Because people renting on Airbnb and other popular sites can make a substantial amount of income, this tax on rental income can add up quickly. Landlords may be hit with a surprise bill of thousands of dollars. Many people have never encountered this kind of tax and are not aware of which agencies to contact. The exact agency in charge of lodging tax varies by area, so every accountant should take the time to find out the details.

2. Failing to Take the Right Income Tax Deductions

While lodging and sales taxes are not subject to deductions, there are many ways for landlords to lower their income tax burden. You can deduct a wide variety of rental expenses, such as rent, utilities, property maintenance, depreciation of the property, cleaning, and even property taxes. As a result, many short term rentals operate at a net loss, with negative rental income.

Many clients are not aware of the wide variety of deductions they can take while remaining totally compliant with tax rules and thus end up paying too much. For most landlords, lodging and sales tax should be the only significant taxes that they pay.

3. Forgetting Sales Tax

Long term rentals are not subject to sales taxes. Short term rentals, however, are subject to these. Sales taxes vary by the area but are often around 10-15% of the rental charge, comprising a significant tax on rental income. As with lodging tax, these are paid to a separate agency rather than the IRS. Many people are shocked when they are hit with a multi-thousand dollar tax bill.

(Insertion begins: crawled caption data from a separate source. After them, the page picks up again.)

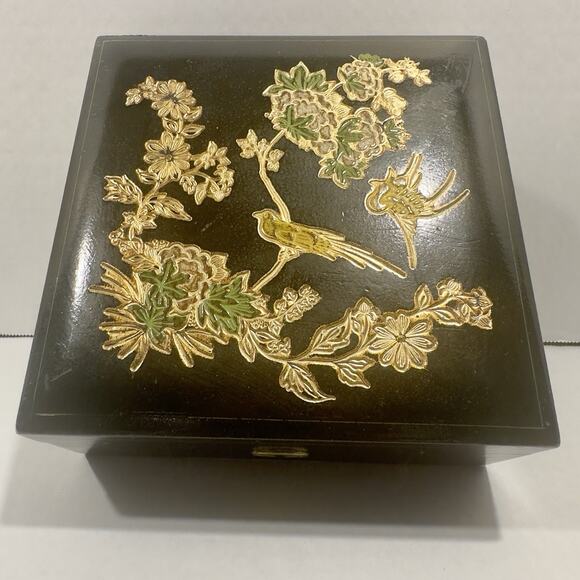 Vintage Florentine Wood Box, Made in Italy, Hand Painted, Black Square Numbered - Picture 2 of 14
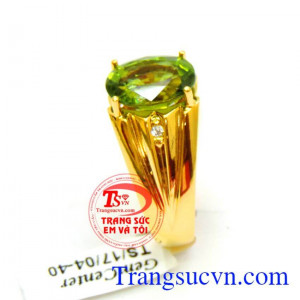 Nhẫn vàng peridot hộ mệnh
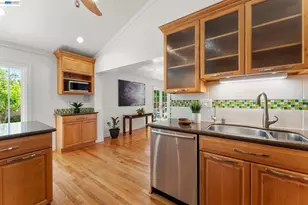 32317 Pegasus Ct, Union City, CA 94587 - Photo 20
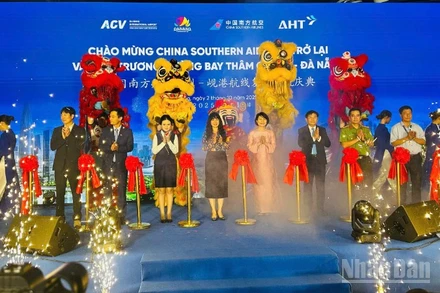 Các đại biểu thực hiện nghi thức mở đường bay Thâm Quyến (Trung Quốc)-Đà Nẵng(Việt Nam). (Ảnh: ANH ĐÀO)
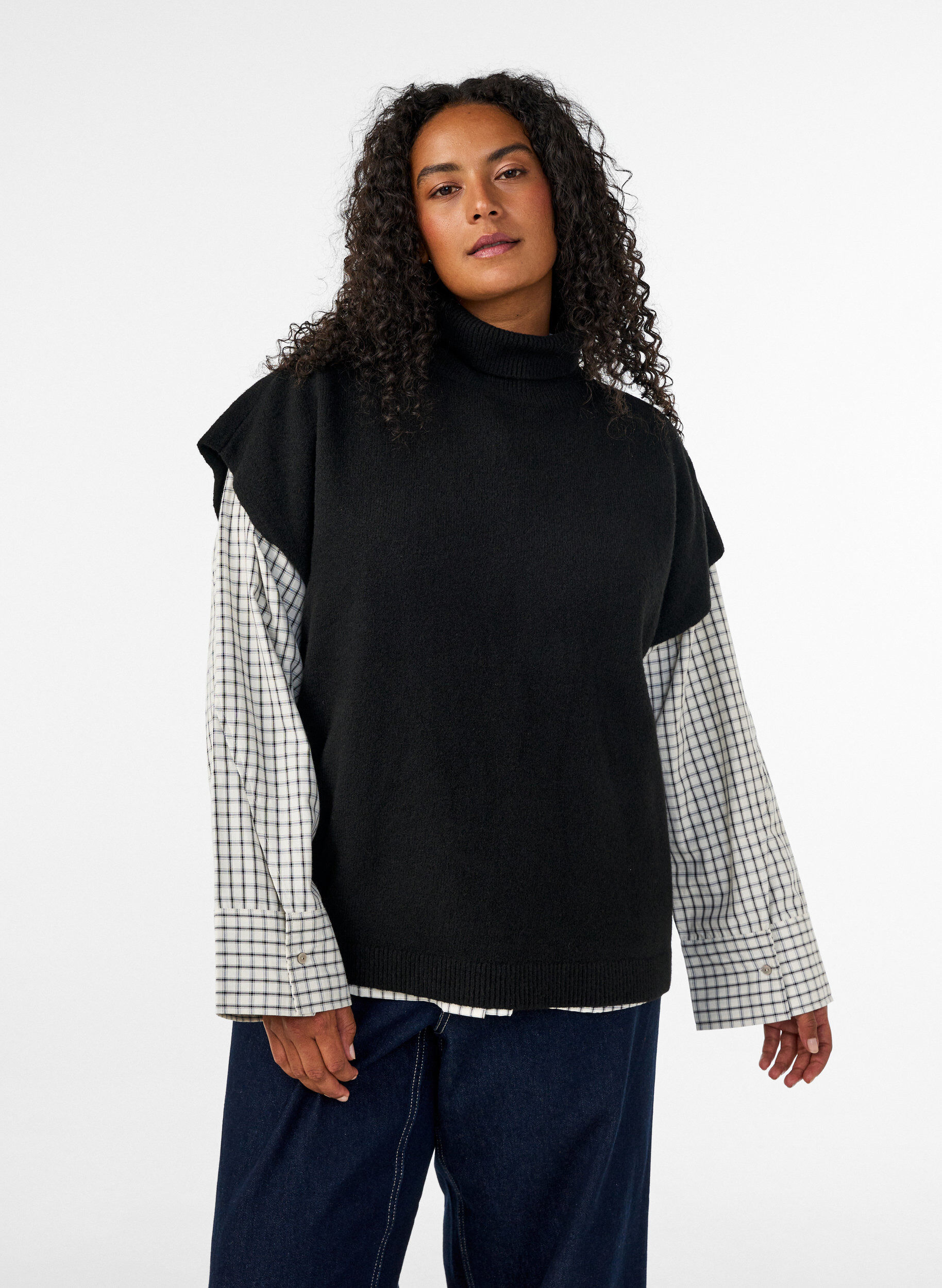 ZizziStrikket vest med h&oslash;y hals, Svart, Model image number 3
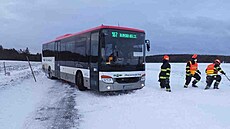 Na silnici mezi obcemi Krásensko a Podomí v pátek ráno uvázl autobus s dvaceti...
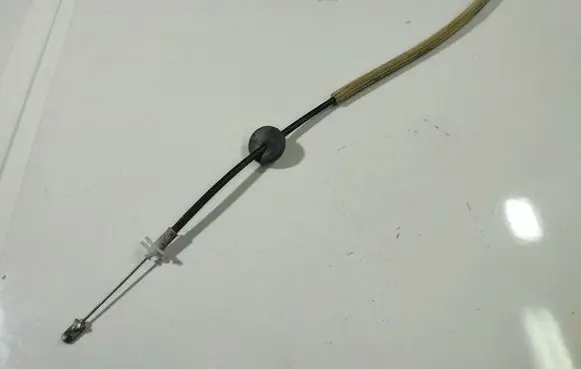 Ford Focus Front door cable line 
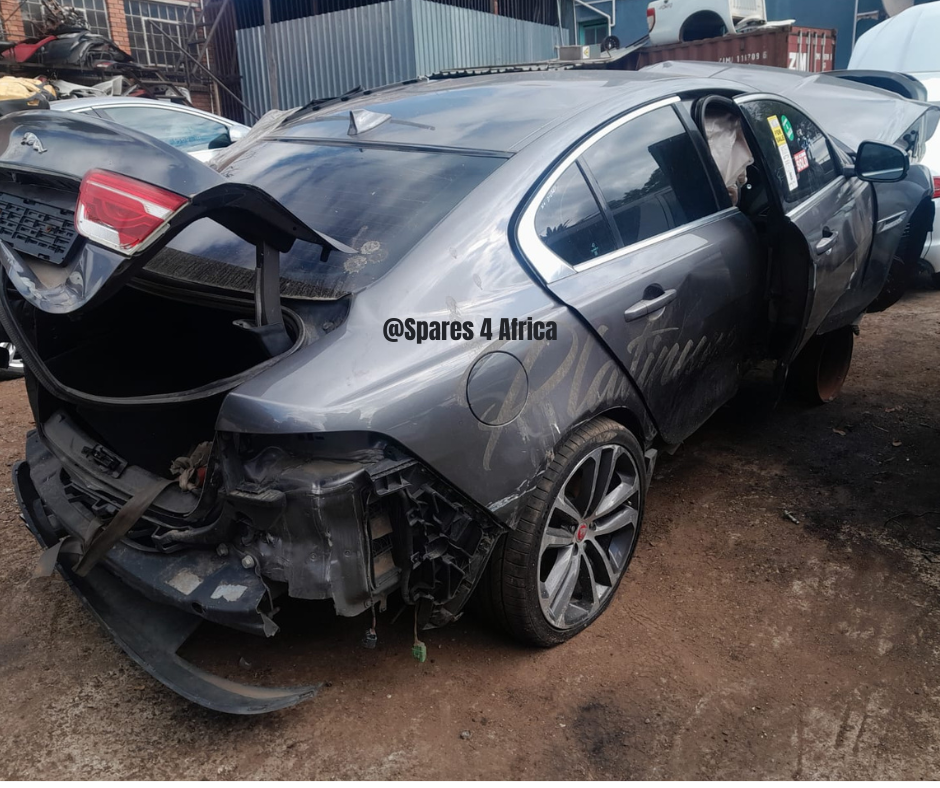 2016 JAGUAR XE 2.0 FOR STRIPPING - Private Seller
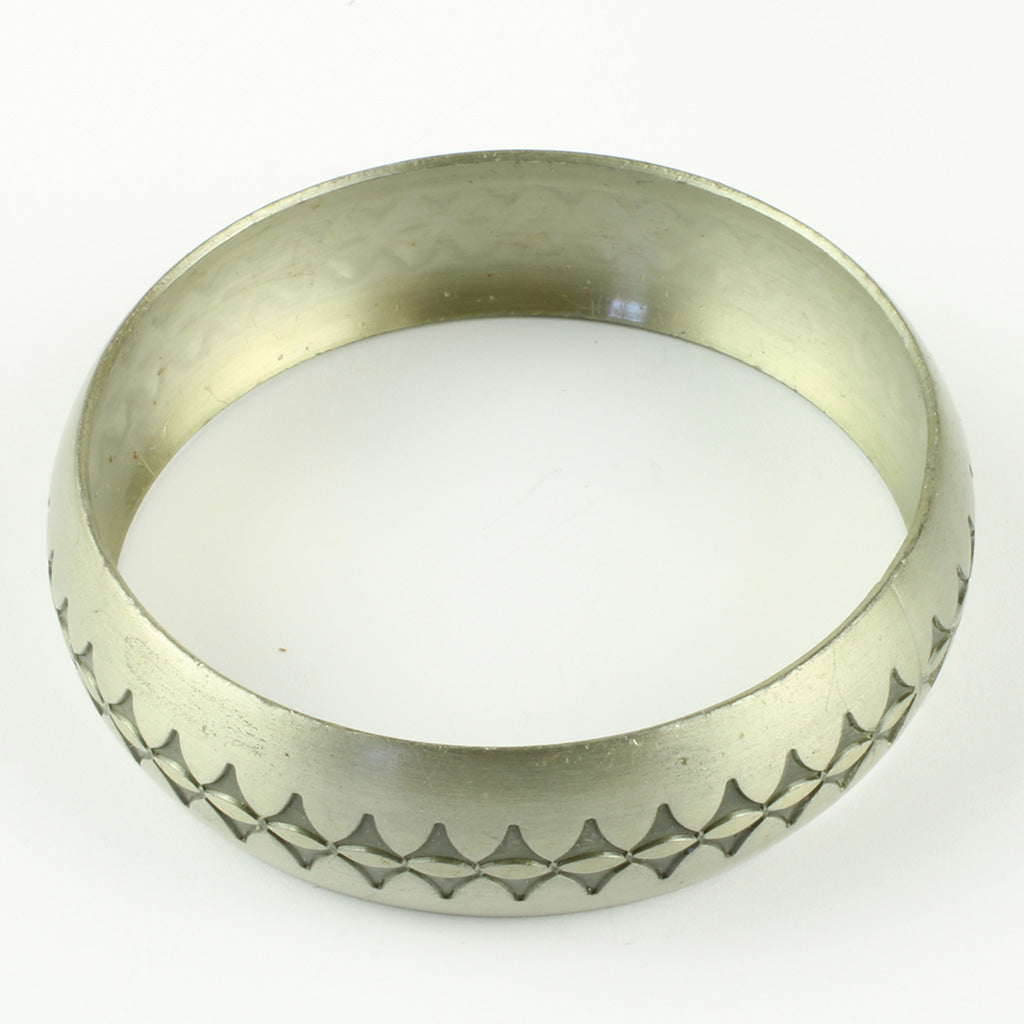 Elegant armring af bøjet tin med moderne mønster fra Løgeskov Tin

One of the key issues with Airbnb and other websites is that people do not see it as a small business. They view it as a gig and treat the income like garage sale income, pocketing the total. It is important for accountants to ensure that they view it as a small business from the outset, which brings us to our last point.

4. Failing to Keep Good Records

People who rent property for extra income are small business owners – and very small business owner should become very comfortable with record keeping. This includes tracking income, which can be surprisingly complicated for those who are using multiple websites to manage their short term rentals. In addition, it is important to keep careful details of expenses, even small ones such as cleaning products, to increase deductions and ultimately lower their tax on rental income. Failing to keep receipts and books can have huge tax implications for your clients. It’s important that accountants help them to develop a solid system from the beginning.

Many Americans are turning to small businesses as a way to augment their income. They may see these activities as a gig, but the IRS and local tax authorities will see them as much more. Helping your clients to prepare for and avoid these four common pitfalls will ensure that there are no unwanted surprises and that they pay as little tax on rental income as legally possible.